Training Command: For training the PPO policy, execute:

python humanoid/scripts/train.py --task=DM_ppo --load_run log_file_path --name run_name

Running a Trained Policy: To deploy a trained PPO policy, use:

python humanoid/scripts/play.py --task=DM_ppo --load_run log_file_path --name run_name

By default, the latest model of the last run from the experiment folder is loaded. However, other run iterations/models can be selected by adjusting load_run and checkpoint in the training config.

3. Sim-to-sim

Please note: Before initiating the sim-to-sim process, ensure that you run play.py to export a JIT policy.
Mujoco-based Sim2Sim Deployment: Utilize Mujoco for executing simulation-to-simulation (sim2sim) deployments with the command below:
```
python scripts/sim2sim.py --load_model /path/to/export/model.pt
```

4. Parameters

CPU and GPU Usage: To run simulations on the CPU, set both --sim_device=cpu and --rl_device=cpu. For GPU operations, specify --sim_device=cuda:{0,1,2...} and --rl_device={0,1,2...} accordingly. Please note that CUDA_VISIBLE_DEVICES is not applicable, and it's essential to match the --sim_device and --rl_device settings.
Headless Operation: Include --headless for operations without rendering.
Rendering Control: Press 'v' to toggle rendering during training.
Policy Location: Trained policies are saved in humanoid/logs/<experiment_name>/<date_time>_<run_name>/model_<iteration>.pt.

5. Command-Line Arguments

For RL training, please refer to humanoid/utils/helpers.py#L161. For the sim-to-sim process, please refer to humanoid/scripts/sim2sim.py#L169.

Code Structure

Every environment hinges on an env file (legged_robot.py) and a configuration file (legged_robot_config.py).
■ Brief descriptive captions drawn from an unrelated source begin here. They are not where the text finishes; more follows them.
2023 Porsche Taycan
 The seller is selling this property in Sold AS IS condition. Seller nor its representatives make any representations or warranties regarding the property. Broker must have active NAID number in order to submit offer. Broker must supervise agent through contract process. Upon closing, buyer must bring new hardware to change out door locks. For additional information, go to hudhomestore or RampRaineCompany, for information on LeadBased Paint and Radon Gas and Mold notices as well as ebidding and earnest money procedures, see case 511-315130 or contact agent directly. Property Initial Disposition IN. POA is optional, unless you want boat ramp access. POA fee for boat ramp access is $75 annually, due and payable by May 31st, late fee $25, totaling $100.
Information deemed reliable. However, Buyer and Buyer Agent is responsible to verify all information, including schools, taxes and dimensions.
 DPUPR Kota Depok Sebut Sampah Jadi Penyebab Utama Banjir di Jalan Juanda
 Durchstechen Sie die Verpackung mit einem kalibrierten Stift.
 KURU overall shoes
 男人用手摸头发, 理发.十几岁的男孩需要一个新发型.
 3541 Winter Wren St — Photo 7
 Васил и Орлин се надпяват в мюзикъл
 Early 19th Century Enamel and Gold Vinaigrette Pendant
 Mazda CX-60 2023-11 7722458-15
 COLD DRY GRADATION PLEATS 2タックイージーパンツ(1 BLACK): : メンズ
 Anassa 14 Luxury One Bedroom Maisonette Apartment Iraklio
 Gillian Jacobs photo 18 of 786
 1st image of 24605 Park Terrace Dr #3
The latter houses two classes: LeggedRobotCfg (encompassing all environmental parameters) and LeggedRobotCfgPPO (denoting all training parameters).
Both env and config classes use inheritance.
Non-zero reward scales specified in cfg contribute a function of the corresponding name to the sum-total reward.
Tasks must be registered with task_registry.register(name, EnvClass, EnvConfig, TrainConfig). Registration may occur within envs/__init__.py, or outside of this repository.

Add a new environment

The base environment legged_robot constructs a rough terrain locomotion task. The corresponding configuration does not specify a robot asset (URDF/ MJCF) and no reward scales.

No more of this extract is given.